Treaty between the European Union and Armenia

The EU–Armenia Partnership and Cooperation Agreement (PCA) was a Partnership and Cooperation Agreement between the European Coal and Steel Community (and later the European Union) and Armenia. It was signed in Luxembourg and entered into force on 1 July 1999. The agreement served as the legal framework for EU–Armenia bilateral relations for 21 years, until its termination on 28 February 2021. The PCA was replaced by the Armenia–EU Comprehensive and Enhanced Partnership Agreement (CEPA), a more comprehensive and complex agreement, which entered into force on 1 March 2021.

== Background ==
Armenia regained its independence following the collapse of the Soviet Union in 1991. Following which, independent Armenia sought to develop stronger relations with European states, and in particular, with the European Coal and Steel Community (ECSC). The Partnership and Cooperation Agreement was designed to establish deeper partnership between the ECSC and Armenia, especially in the areas of trade, commerce, and economic cooperation. The agreement was also aimed at further strengthening political ties between the ECSC and Armenia.

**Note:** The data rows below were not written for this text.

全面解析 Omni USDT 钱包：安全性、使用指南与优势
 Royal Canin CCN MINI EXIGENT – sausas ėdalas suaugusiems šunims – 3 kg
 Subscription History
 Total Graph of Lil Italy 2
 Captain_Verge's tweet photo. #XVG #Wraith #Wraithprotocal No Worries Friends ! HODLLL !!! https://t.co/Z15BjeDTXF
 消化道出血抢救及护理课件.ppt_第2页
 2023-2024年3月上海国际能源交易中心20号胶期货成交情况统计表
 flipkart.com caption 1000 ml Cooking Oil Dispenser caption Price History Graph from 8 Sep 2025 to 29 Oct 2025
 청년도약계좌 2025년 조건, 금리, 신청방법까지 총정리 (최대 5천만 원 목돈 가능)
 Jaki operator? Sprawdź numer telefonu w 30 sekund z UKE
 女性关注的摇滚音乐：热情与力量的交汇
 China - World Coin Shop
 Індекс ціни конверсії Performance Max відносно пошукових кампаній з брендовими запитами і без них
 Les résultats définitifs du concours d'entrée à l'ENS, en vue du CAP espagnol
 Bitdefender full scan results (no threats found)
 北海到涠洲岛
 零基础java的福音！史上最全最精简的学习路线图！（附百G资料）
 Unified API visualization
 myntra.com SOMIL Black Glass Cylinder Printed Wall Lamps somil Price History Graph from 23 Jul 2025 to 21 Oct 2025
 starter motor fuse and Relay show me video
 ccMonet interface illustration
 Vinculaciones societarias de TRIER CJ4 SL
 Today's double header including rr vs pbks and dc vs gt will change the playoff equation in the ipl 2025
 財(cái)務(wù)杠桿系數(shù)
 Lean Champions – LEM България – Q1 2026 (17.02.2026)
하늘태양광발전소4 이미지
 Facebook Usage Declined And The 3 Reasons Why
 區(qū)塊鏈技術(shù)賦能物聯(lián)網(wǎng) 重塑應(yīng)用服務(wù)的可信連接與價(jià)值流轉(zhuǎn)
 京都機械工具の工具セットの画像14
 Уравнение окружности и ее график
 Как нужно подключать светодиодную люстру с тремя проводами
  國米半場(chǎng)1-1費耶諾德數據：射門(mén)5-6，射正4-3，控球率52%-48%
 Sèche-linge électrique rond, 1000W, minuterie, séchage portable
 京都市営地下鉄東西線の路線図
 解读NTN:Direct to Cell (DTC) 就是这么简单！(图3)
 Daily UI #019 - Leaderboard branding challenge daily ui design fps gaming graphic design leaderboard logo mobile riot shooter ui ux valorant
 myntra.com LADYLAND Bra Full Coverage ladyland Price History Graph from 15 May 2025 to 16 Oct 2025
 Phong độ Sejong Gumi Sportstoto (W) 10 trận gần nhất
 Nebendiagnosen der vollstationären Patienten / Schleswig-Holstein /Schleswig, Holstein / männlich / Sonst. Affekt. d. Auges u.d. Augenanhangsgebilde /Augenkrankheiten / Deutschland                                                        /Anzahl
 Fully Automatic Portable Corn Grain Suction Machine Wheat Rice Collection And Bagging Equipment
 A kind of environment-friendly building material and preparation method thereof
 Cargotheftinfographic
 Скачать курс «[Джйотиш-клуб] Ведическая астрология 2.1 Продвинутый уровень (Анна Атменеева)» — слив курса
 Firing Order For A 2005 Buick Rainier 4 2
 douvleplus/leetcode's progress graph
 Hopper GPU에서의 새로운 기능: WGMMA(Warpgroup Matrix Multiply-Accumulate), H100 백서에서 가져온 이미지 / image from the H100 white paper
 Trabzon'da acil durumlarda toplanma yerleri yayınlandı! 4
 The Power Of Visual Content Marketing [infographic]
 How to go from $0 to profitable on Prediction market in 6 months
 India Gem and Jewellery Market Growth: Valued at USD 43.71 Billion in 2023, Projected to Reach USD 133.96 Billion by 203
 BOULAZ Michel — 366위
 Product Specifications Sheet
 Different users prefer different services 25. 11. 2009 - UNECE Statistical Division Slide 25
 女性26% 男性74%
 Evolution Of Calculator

== Supposed benefits of PCA ==
Provisions in the agreement supported the territorial integrity of Armenia and its progressive integration into the open international system, maintaining peace and security throughout Europe, safeguarding the rule of law and human rights, promoting democratic reforms and free elections, and developing a liberalized free market economy. The agreement also encouraged Armenia to maintain peaceful and constructive relations with its South Caucasus neighbors, develop closer relations with other European institutions, supporting Armenia's membership in the Energy Charter Treaty, and to increase trade and investment between ECSC members and Armenia.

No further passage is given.